The book, Revolution explores the era of racial indifference and the expression of culture through Freedom Summer of the 1960s. Deborah Wiles, the author of Revolution expresses the story through the perspectives of Sunny, a Caucasian girl who experiences family issues simultaneously throughout Freedom Summer of Greenwood, and Raymond, an African American boy whose rebellion and tenacity leads Civil Rights in a positive direction.
After John F. Kennedy’s assassination, ghastly conditions overwhelmed the African American community. Protesters were arrested and killed, children were segregated while police corruption was abundant. Upon the white community, outrage occurred, protesting of KKK groups, death threats for supporters of African Americans, and closings of popular attractions, all examples that prove the dilemma of the sixties. Through family issues and political disagreements, Sunny and Raymond find themselves in a common yearning for change in addition to most of society. A common occurrence of the sixties was, of course, the Civil Rights Movement.

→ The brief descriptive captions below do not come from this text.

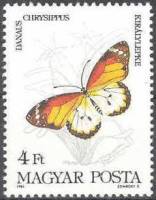 (1984-028) Марка Венгрия "Данаида хризипп"    Бабочки II Θ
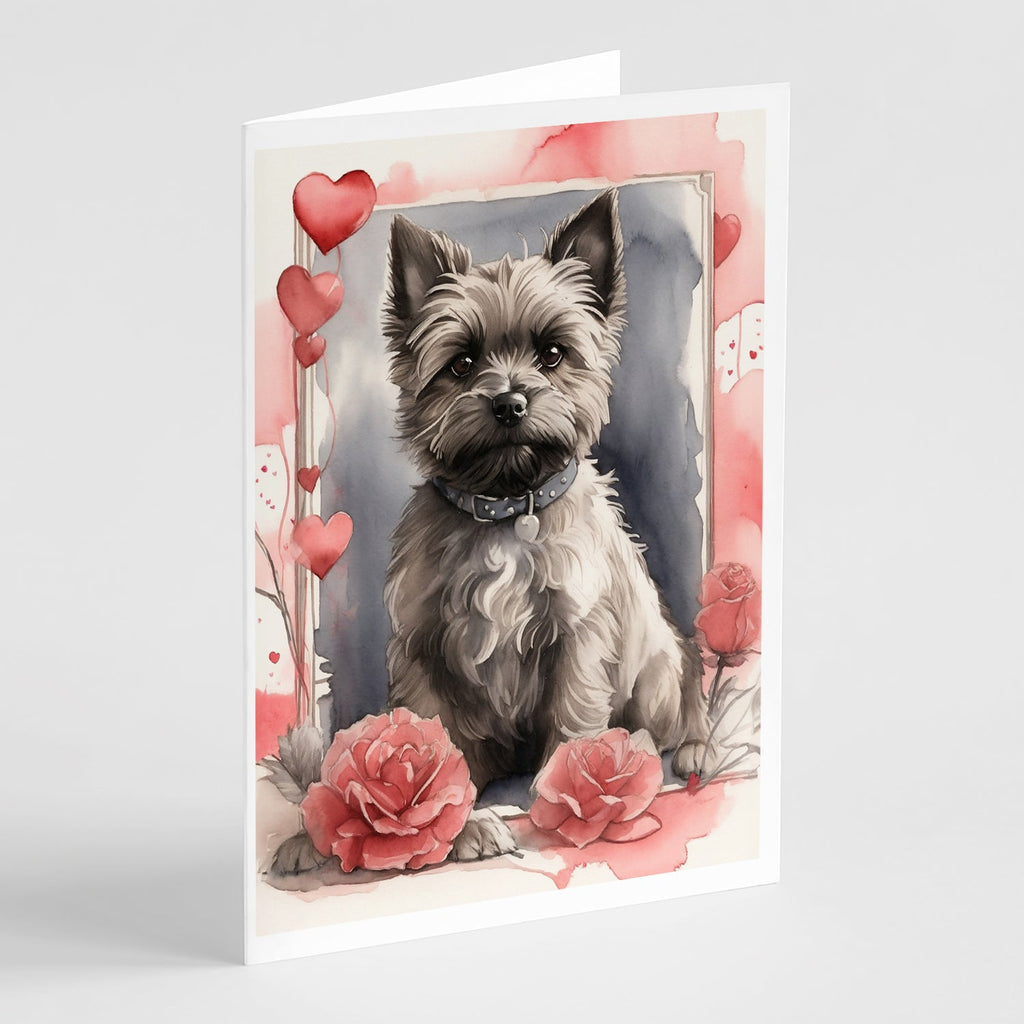 Cairn Terrier Valentine Roses Greeting Cards Pack of 8-0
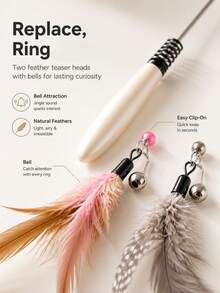 7Alas 4-Piece Interactive Cat Teaser Wand Set With Detachable Bell Feather Replacements, Cat Boxing Glove, 50cm Spring Buffer Wooden Handle, Kitten Indoor Hunting Exercise Toy - Multicolor - View 10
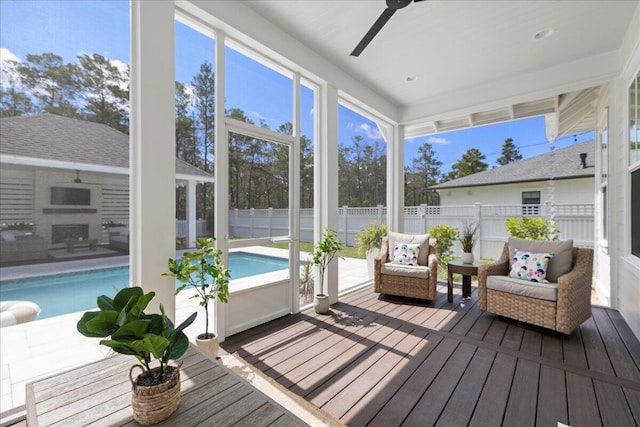 133 E Firethorn Cir, Inlet Beach, FL 32461 - sunroom featuring ceiling fan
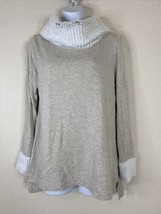 Cato Womens Size M Beige Faux Fur Cowl Neck Shirt Long Sleeve - £7.29 GBP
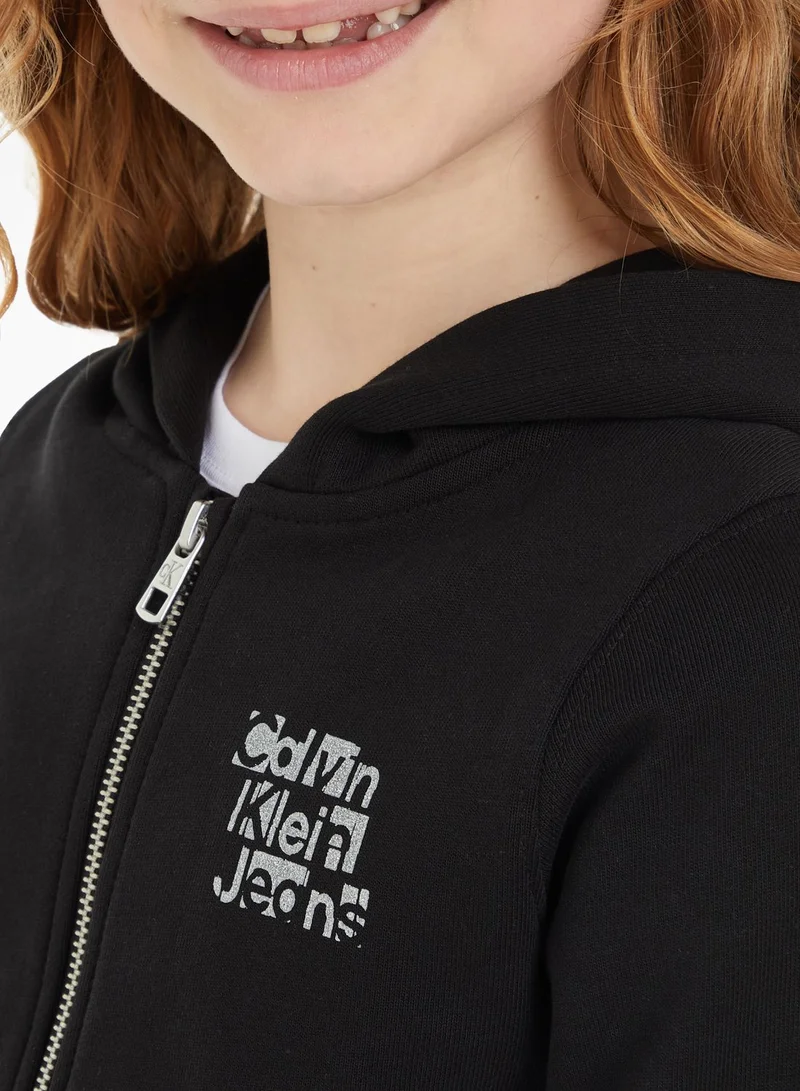 Calvin Klein Jeans Kids Logo Zip Through Hoodie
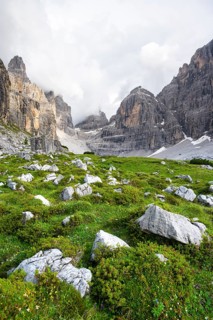 Cliffs and pinnacles in fog, Brenta Mountains, Brenta-Adamello Natural Park, Trentino, Italy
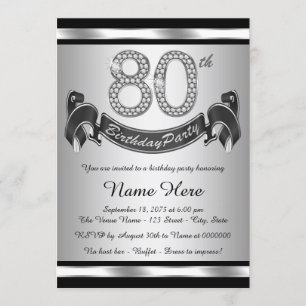 Silver 80th Birthday Party Invitation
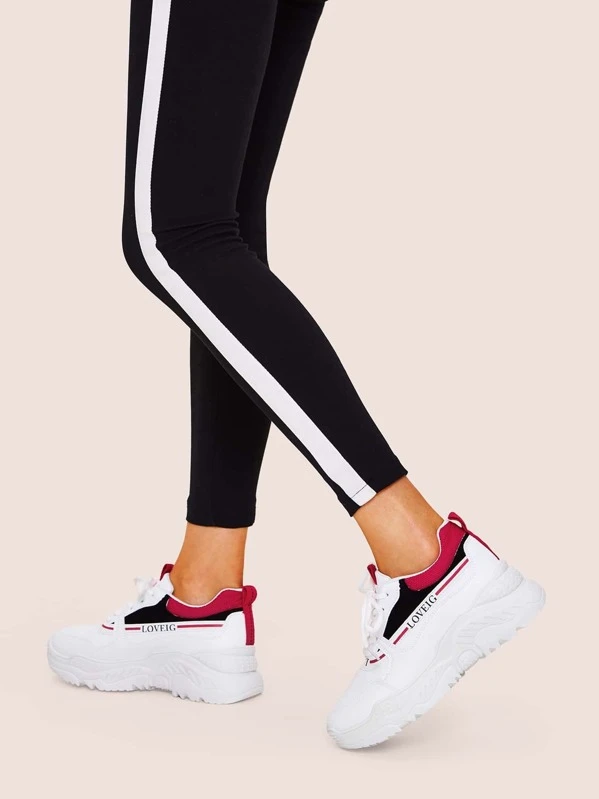 lace up front flatform chunky sole trainers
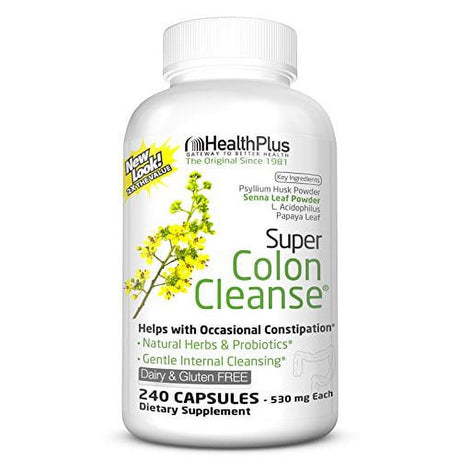 Health plus Super Colon Cleanse - 500 Mg - 240 Capsules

Embedded with morals and historical accuracy, Revolution conveys the meaning of unity in society, where we are united with the same problems of equality. Through fictional elements and historical accounts, Wiles connects groups interracially, as Sunny and Raymond share common grounds. While conveyed through fictional details, Deborah wiles include details about the Revolution of the Sixties, showing the equality of our society. For instance, John F. Kennedy’s assassination was shared with grief between multiple races, as many individuals experienced a rise of difficulties in sexuality, race, and religion, where we were all concerned with the circumstances of our issues, though ignoring our unity while differing.
Revolution depicts more than just the events of Freedom Summer in Greenwood, Mississippi, it communicates the unity of our nation and how equality is abundant regardless of segregated circumstances, through the Revolution of the Sixties.